“Torch the Constitution and the Supreme Court”—The challenge we cannot afford to ignore

Our turn to defend the freedom our Founders fought for

With America in a state of discord not unlike that described by Dickens in A Tale of Two Cities—“It was the best of times, it was the worst of times, it was the age of wisdom, it was the age of foolishness…”—some are calling for radical change.  

“Torch the Constitution” urged Harvard Professor Louis Menand, writing in The New Yorker less than a week after Constitution Day on September 17, 2024. The Founders “failed,” claims Menand, and so will we if we do not abandon the Constitution they gave us. Several days later, as reported by Mediaite, author Fran Lebowitz “torched the Supreme Court” in a televised interview by calling on President Biden to “dissolve” it.

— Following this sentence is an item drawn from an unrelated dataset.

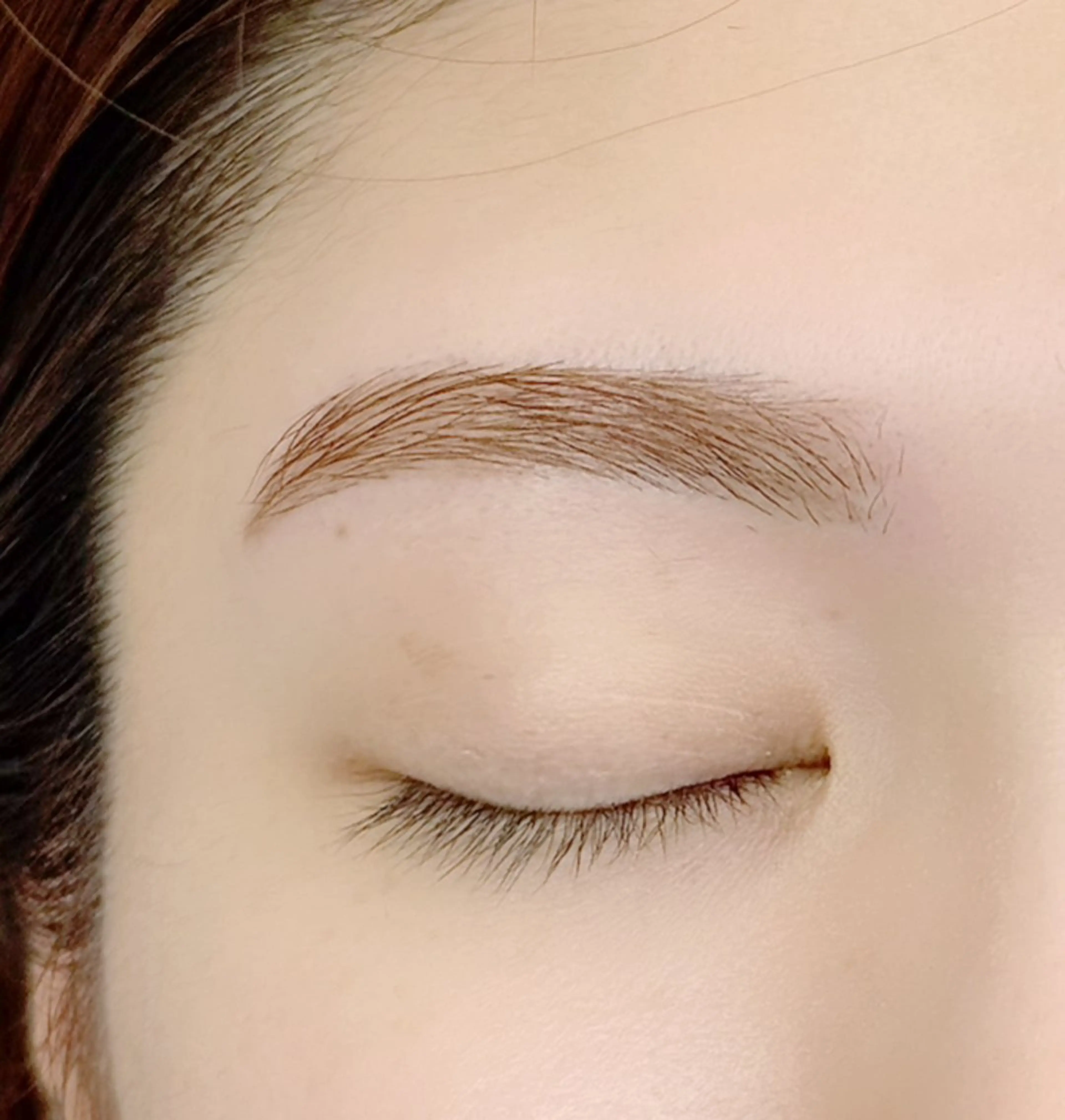 アイブロウ 眉カラー 眉毛ワックス脱毛 藤川 瑛梨奈のマツエク・マツパデザイン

Besides the irony of seeking to destroy the very bastion that guarantees to these individuals the right to express their opinions, such demands turn a blind eye to the fact that not only did British Prime Minister William Gladstone call the Constitution “the most wonderful work ever struck off at a given time by the brain and purpose of man,” but the drafters themselves insisted it was produced by more than human ingenuity.

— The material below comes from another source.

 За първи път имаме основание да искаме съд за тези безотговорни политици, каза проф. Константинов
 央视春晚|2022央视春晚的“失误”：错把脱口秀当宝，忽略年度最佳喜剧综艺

Connecticut delegate William Samuel Johnson, who served as chairman of the Committee of Style that drafted the final version, said of the outcome, “I cannot but impute it to a signal intervention of divine providence.”

South Carolina delegate Charles Pinckney, later governor of the state and a U.S. senator, admitted to being “struck with amazement” at the same “super-intending hand of Providence that so miraculously carried us through the war.”

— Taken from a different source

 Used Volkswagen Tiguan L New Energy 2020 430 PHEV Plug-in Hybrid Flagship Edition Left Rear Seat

Perhaps the most impressive witness came from the document’s principal architect, Virginia delegate James Madison: “It is impossible for the man of pious reflection not to perceive in it a finger of that Almighty hand which has been so frequently and signally extended to our relief in the critical stages of the revolution,” and “impossible to consider the degree of concord which ultimately prevailed as less than a miracle.”

According to Professor Matthew Spalding, the Constitutional Convention was “one of the greatest events in the history of human liberty,” producing “the most enduring, successful, enviable, and imitated constitution man has ever known.” The key, says Spalding, is its basis in the “permanent truths about man, politics, and liberty” already articulated in the Declaration of Independence. Thus the Constitution does not presume to grant the blessings of liberty—these are bestowed by the Creator Himself—but to secure them. It was a revolution like no other.

What is truly revolutionary about America is that, for the first time in human history, these universal ideas became the foundation of a particular system of government and its political culture…. To this day, so many years [later], these principles… still define us as a nation and inspire us as a people. They are responsible for a prosperous and just nation unlike any in the world. They are the highest achievements of our tradition, serving not only as a powerful beacon to those throughout the world who strive for freedom and seek to vindicate self-government but also a warning to tyrants and despots everywhere. It is because of these principles, not despite them, that America has achieved its greatness.

To those who would abandon the Constitution, Spalding declares,

We don’t need to remake America, or discover new and untested principles. The change we need is not the rejection of America’s principles but a great renewal of these permanent truths about man, politics, and liberty… as a source of assurance and direction for our times.

If the radical demands of Menand and Leibowitz were isolated voices, Spalding’s answer may suffice. But those demands are part of a larger chorus to which we all must respond by exercising our God-given and Constitution-secured right to speak out. Well has Mark Levin urged,

The counterrevolution to the American Revolution is in full force… It is devouring our society and culture, swirling around our everyday lives, and ubiquitous in our politics, schools, media, and entertainment….. We must rise to the challenge, as did our Founding Fathers…. President Ronald Reagan’s fateful and prescient observation… compels our attention: “Freedom is never more than one generation away from extinction. We didn’t pass it to our children in the bloodstream. It must be fought for, protected, and handed on for them to do the same, or one day we will spend our sunset years telling our children and children’s children what it was once like in the United States where men were free.”